DATA SUPPLIED>
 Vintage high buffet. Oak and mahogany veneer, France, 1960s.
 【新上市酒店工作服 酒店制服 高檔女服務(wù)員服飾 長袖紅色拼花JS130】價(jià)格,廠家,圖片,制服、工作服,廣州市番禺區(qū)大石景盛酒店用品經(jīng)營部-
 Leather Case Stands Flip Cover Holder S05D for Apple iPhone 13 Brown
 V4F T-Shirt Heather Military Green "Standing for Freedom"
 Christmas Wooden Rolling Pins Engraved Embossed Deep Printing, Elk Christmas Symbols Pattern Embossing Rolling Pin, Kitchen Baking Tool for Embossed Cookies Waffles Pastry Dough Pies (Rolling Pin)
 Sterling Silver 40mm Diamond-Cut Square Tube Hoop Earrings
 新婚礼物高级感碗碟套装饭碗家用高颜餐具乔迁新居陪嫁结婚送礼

---

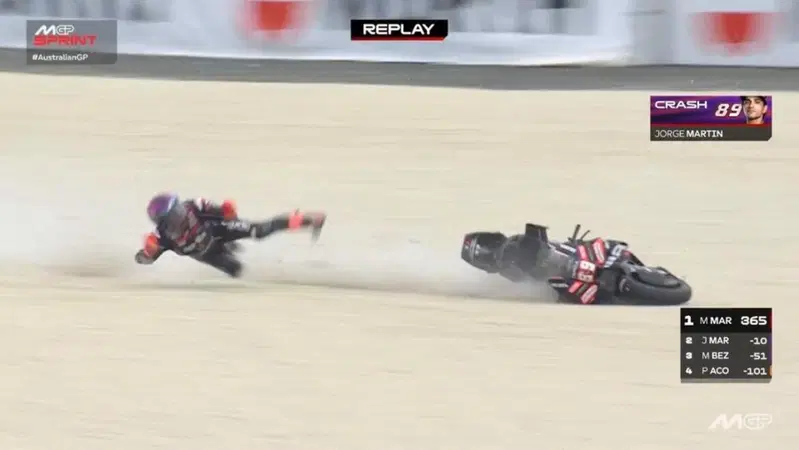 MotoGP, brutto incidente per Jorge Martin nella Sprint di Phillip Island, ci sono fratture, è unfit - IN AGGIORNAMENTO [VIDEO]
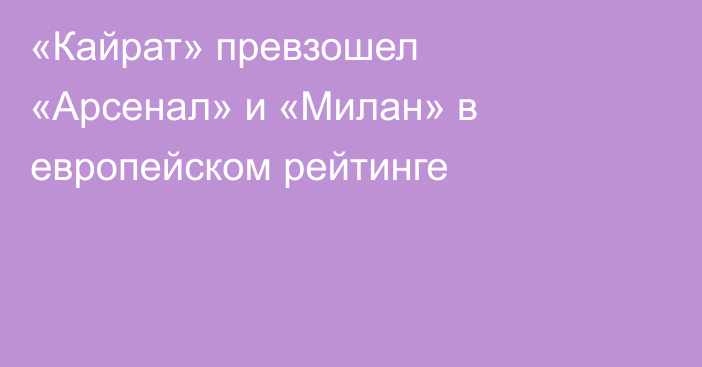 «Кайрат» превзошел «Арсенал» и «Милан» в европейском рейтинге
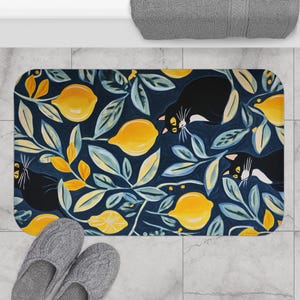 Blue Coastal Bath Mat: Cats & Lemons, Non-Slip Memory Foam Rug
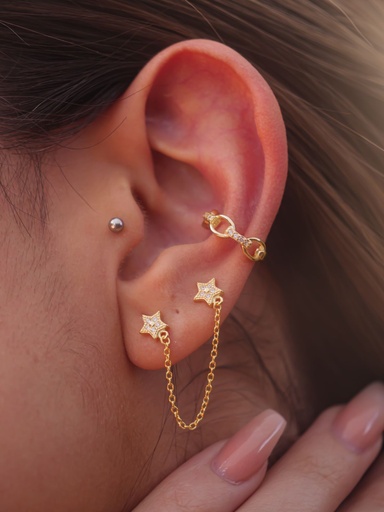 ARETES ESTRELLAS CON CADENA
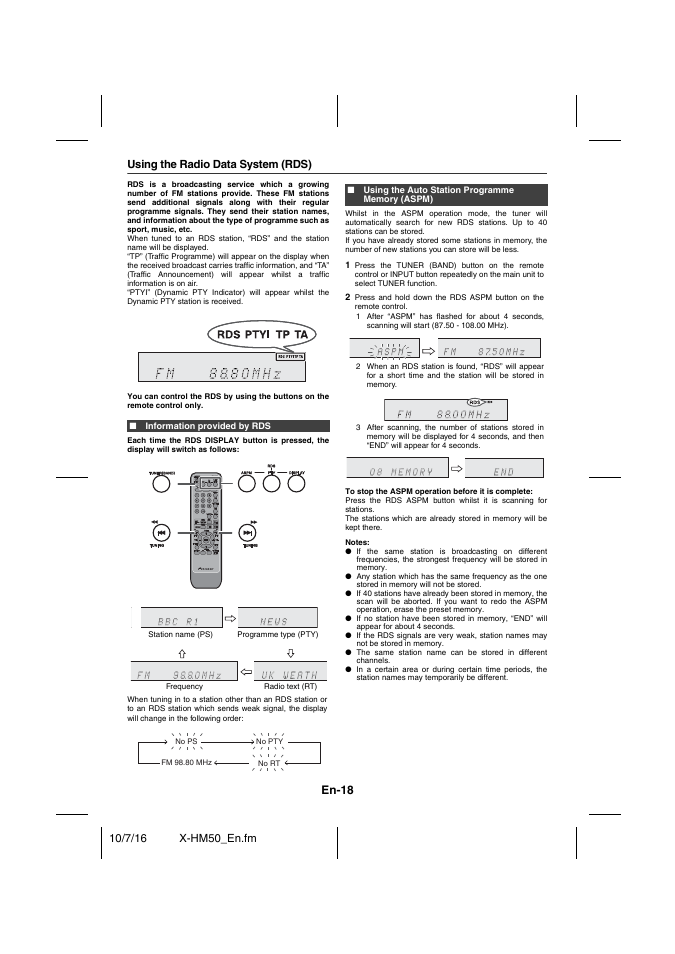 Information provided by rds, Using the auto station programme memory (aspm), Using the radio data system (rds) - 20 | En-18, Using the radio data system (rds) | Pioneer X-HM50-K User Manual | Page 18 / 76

TASK TO CARRY OUT>
Set down, unchanged, only those lines above that fall between the line with "Vintage high buffet." and the line with "新婚礼物高级感碗碟套装饭碗家用高颜餐具乔迁新居陪嫁结婚送礼", the two end lines included.

OUTPUT OF THE TASK>
 Vintage high buffet. Oak and mahogany veneer, France, 1960s.
 【新上市酒店工作服 酒店制服 高檔女服務(wù)員服飾 長袖紅色拼花JS130】價(jià)格,廠家,圖片,制服、工作服,廣州市番禺區(qū)大石景盛酒店用品經(jīng)營部-
 Leather Case Stands Flip Cover Holder S05D for Apple iPhone 13 Brown
 V4F T-Shirt Heather Military Green "Standing for Freedom"
 Christmas Wooden Rolling Pins Engraved Embossed Deep Printing, Elk Christmas Symbols Pattern Embossing Rolling Pin, Kitchen Baking Tool for Embossed Cookies Waffles Pastry Dough Pies (Rolling Pin)
 Sterling Silver 40mm Diamond-Cut Square Tube Hoop Earrings
 新婚礼物高级感碗碟套装饭碗家用高颜餐具乔迁新居陪嫁结婚送礼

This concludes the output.